■ **Task to carry out**: For this exercise, write out only the lines of the entries below from the one with "Functional Storage Cabinet" up to and including the one with "Ferienwohnung Sg Family", exactly as they are. Pictures stay out.

= = = = =

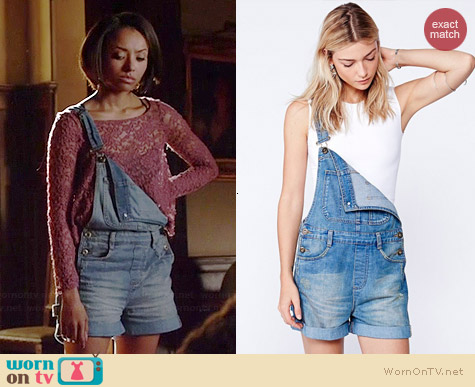 Free People Boyfriend Shortalls worn by Kat Graham on The Vampire Diaries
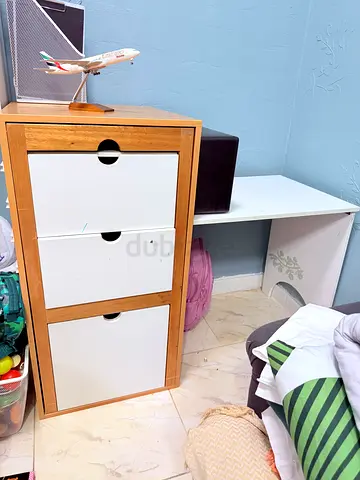 Functional Storage Cabinet with Drawers Studying table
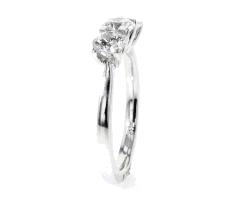 买钻戒应具备哪些技巧,选钻戒的正确方法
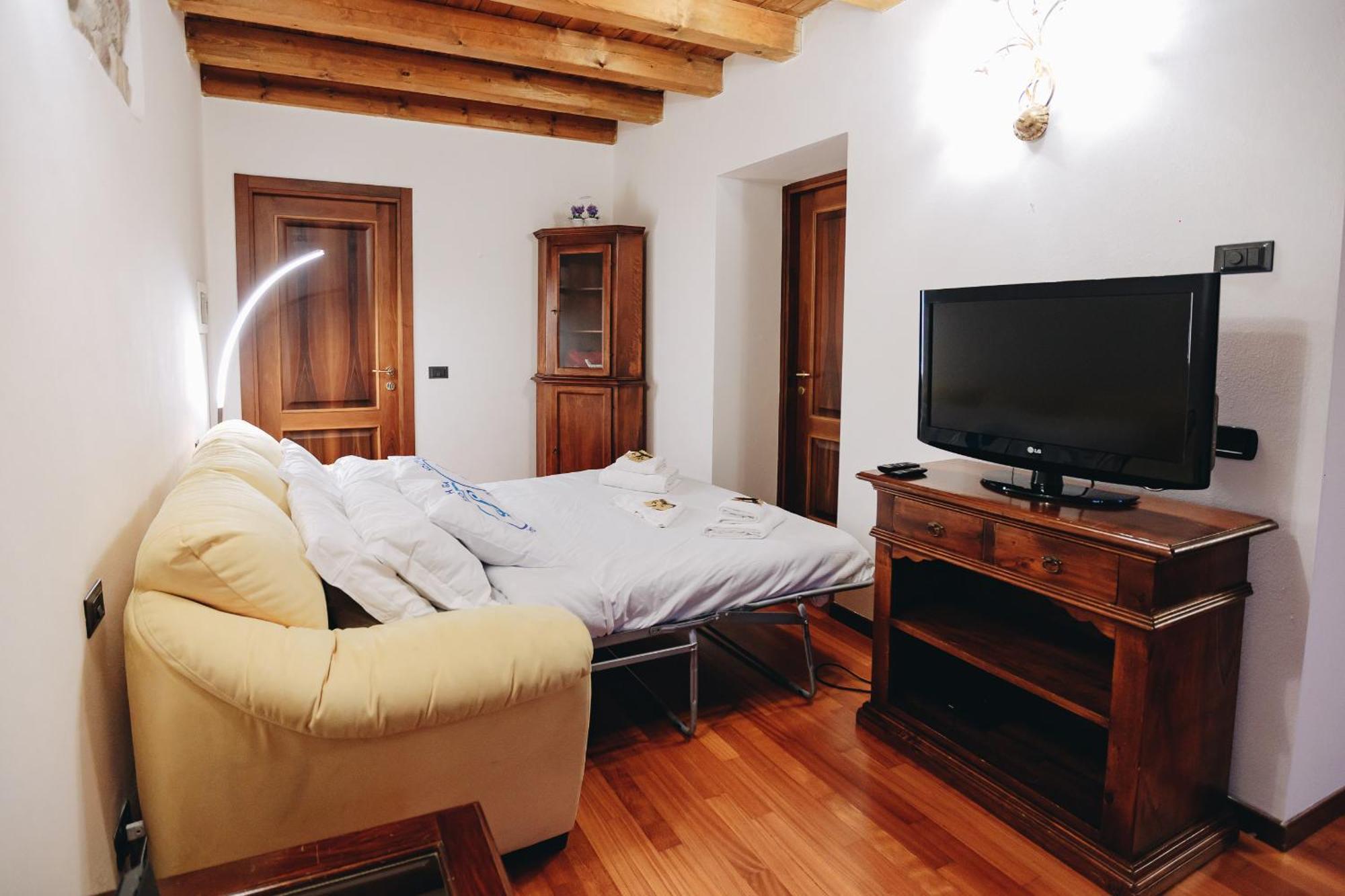 Ferienwohnung Sg Family - Arilica Loft Peschiera del Garda Exterior foto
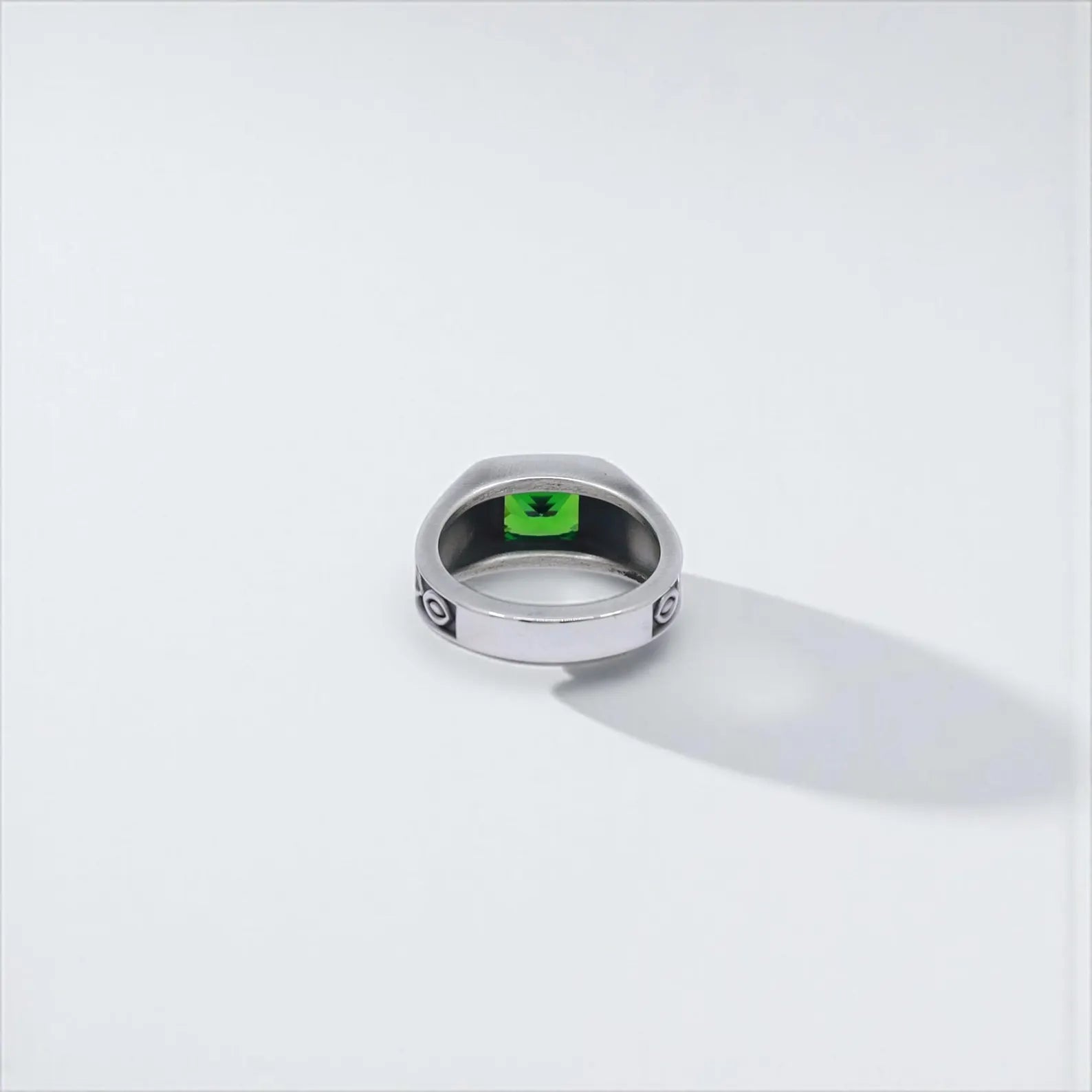 Designed for modern men with bold style, this handmade sterling silver ring showcases a deep green emerald gemstone in a square setting. The gothic-inspired engravings and oxidized finish add a timeless, mysterious charm — ideal for gifts, fashion lovers, or gothic jewelry collectors.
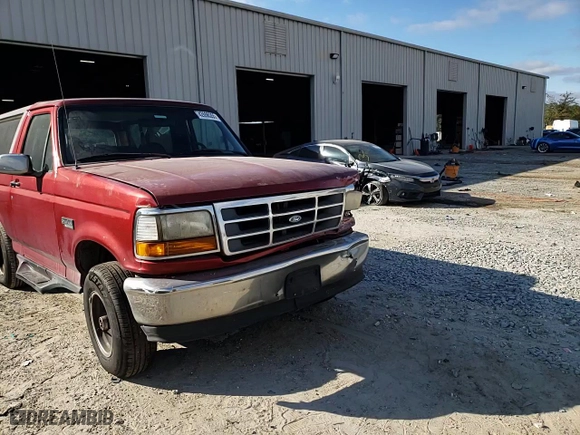 1996 Ford Bronco XL with VIN 1FMEU15N3TLB26372, listed as a Copart auction lot 42698355 with 272,328 mi miles and Salvage Title. Bid and sale history available at carsss.com. Image 11.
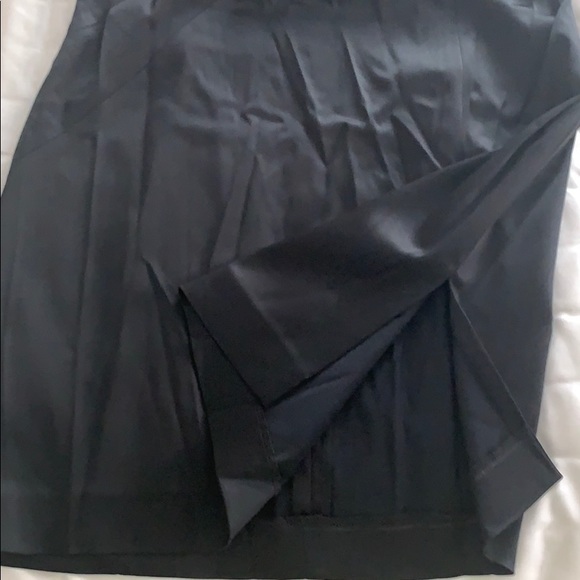 Calvin Klein - Picture 3 of 5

= = = = =

■ **Solution to the problem**:
 Functional Storage Cabinet with Drawers Studying table
 买钻戒应具备哪些技巧,选钻戒的正确方法
 Ferienwohnung Sg Family - Arilica Loft Peschiera del Garda Exterior foto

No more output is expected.